→ **What is being asked**:
Only an exact repetition of the lines from the one holding "BorderLine Bagel & Deli" to the end of the data is wanted, with pictures left out.

→ **Supplied data**:
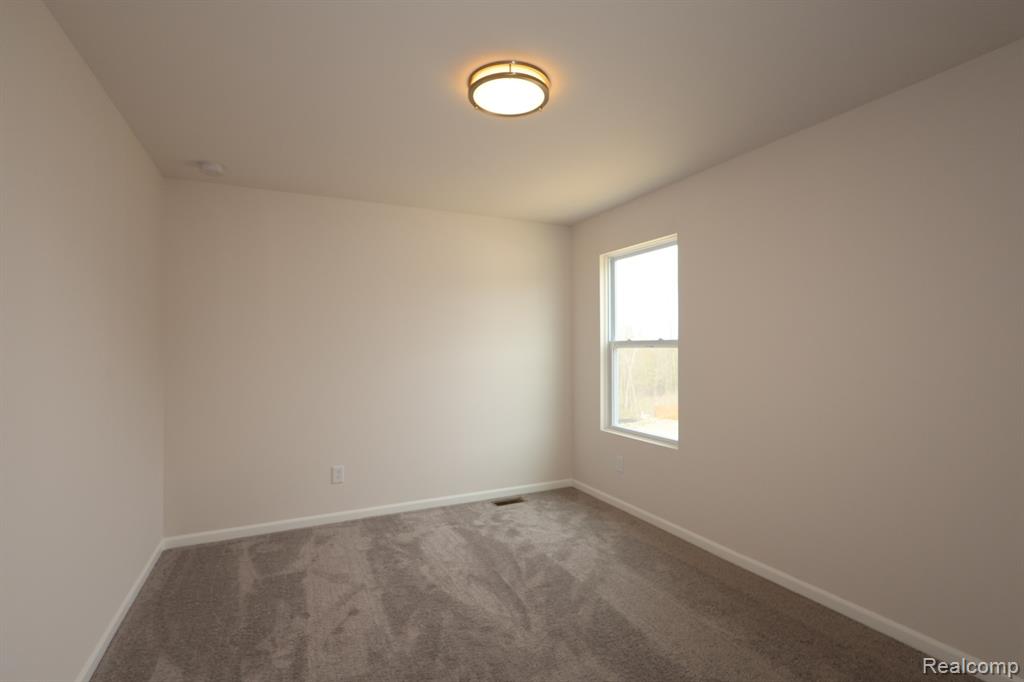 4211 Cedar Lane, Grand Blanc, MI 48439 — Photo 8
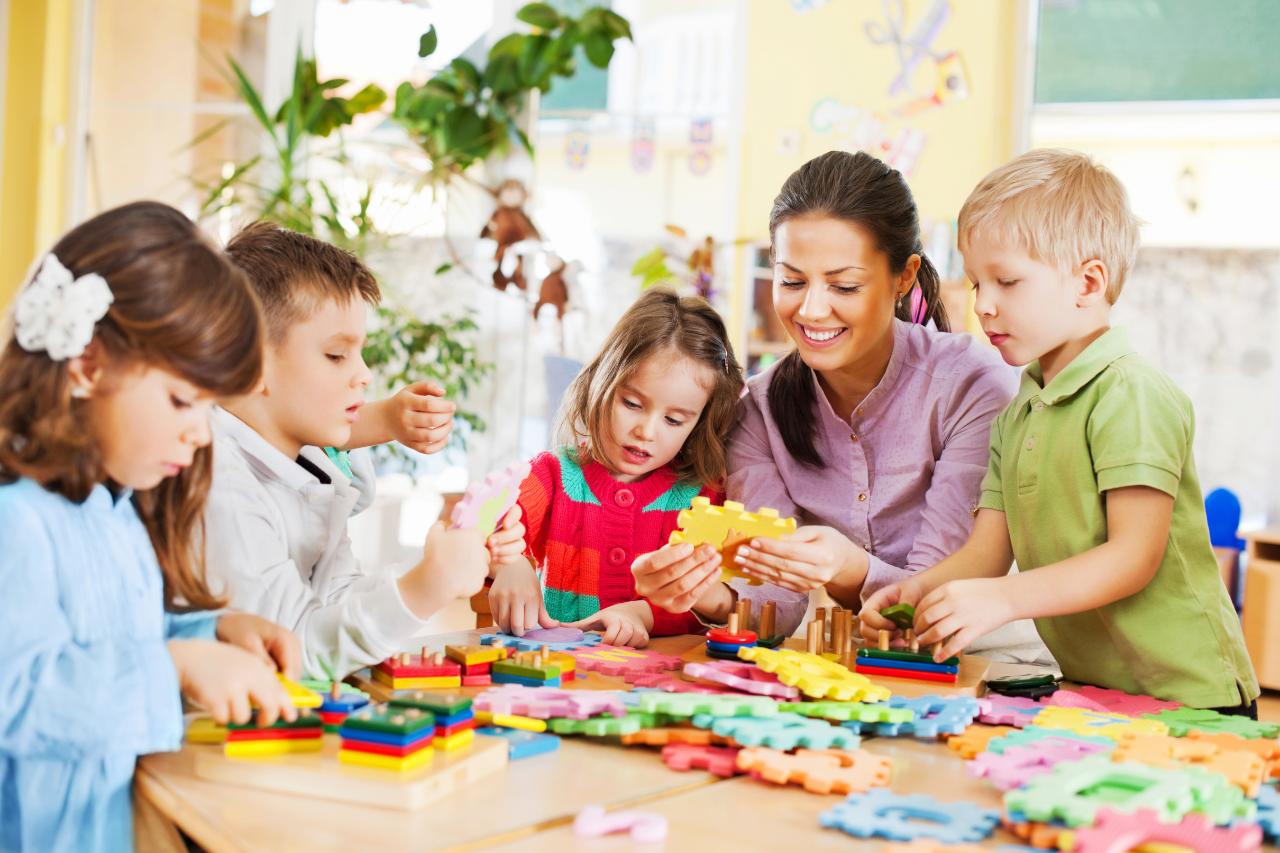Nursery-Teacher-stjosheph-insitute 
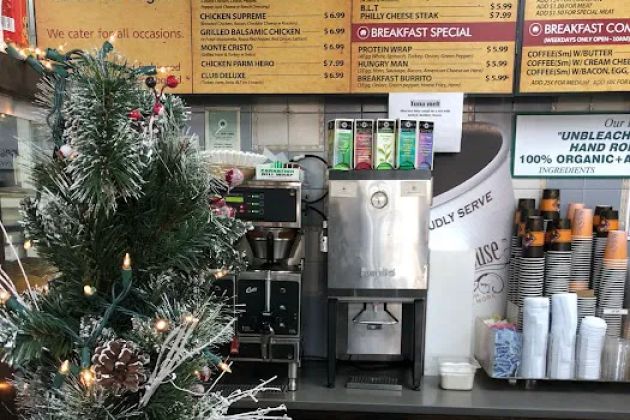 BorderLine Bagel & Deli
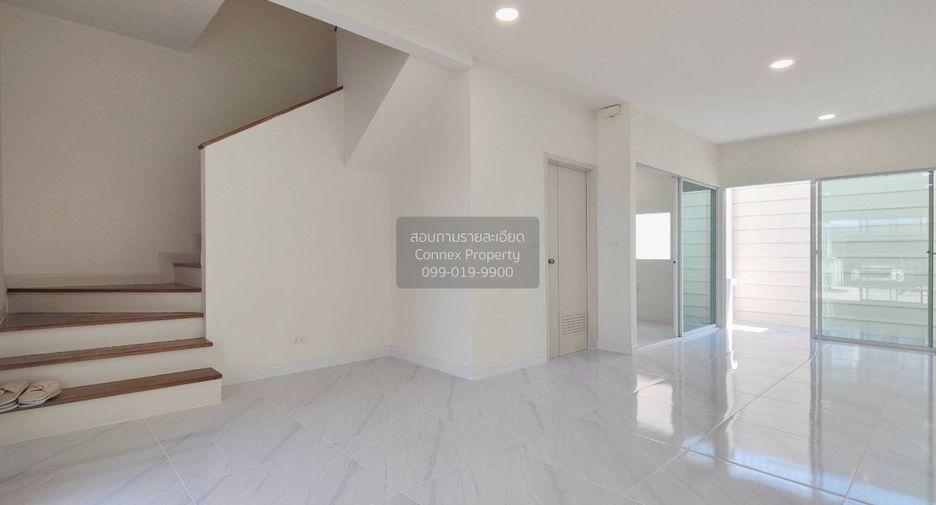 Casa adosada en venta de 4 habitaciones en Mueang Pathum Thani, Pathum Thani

→ **Completed task**:
 BorderLine Bagel & Deli
 Casa adosada en venta de 4 habitaciones en Mueang Pathum Thani, Pathum Thani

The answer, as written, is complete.